> [What this task involves]:
Look for the word "Stock" in the data below, and copy every line that holds it.

> [Given data]:
+===+

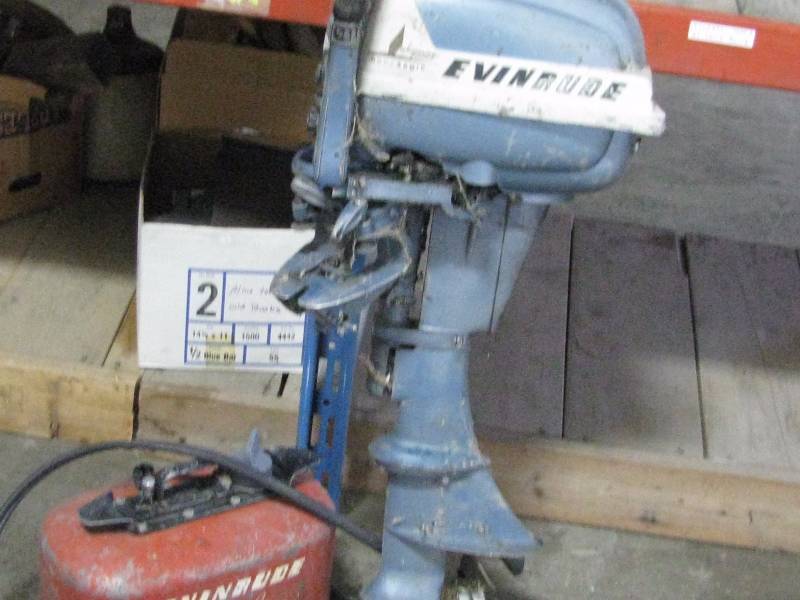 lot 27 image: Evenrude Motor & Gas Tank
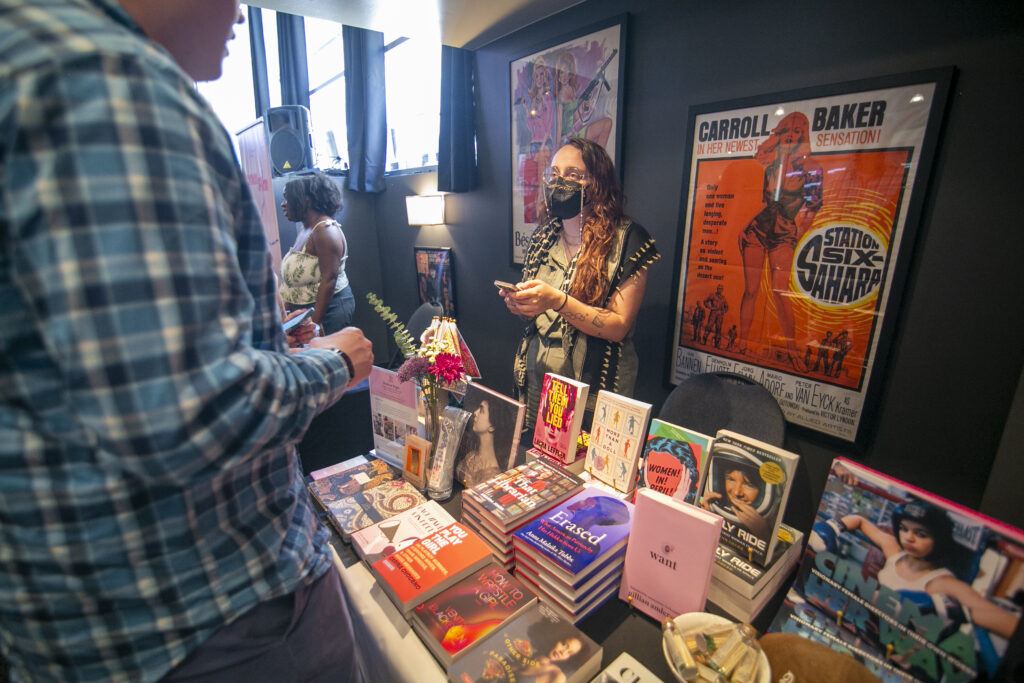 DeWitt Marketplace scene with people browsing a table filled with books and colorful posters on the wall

+===+

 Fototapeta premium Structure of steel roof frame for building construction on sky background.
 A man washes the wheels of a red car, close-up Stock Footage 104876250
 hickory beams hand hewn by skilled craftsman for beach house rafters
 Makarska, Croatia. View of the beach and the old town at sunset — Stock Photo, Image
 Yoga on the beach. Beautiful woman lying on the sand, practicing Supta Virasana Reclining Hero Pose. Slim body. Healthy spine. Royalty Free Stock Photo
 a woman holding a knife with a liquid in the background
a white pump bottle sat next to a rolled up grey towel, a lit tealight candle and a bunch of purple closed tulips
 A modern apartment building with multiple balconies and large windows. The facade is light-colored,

+===+

> [Solution for this exercise]:
 A man washes the wheels of a red car, close-up Stock Footage 104876250
 Makarska, Croatia. View of the beach and the old town at sunset — Stock Photo, Image
 Yoga on the beach. Beautiful woman lying on the sand, practicing Supta Virasana Reclining Hero Pose. Slim body. Healthy spine. Royalty Free Stock Photo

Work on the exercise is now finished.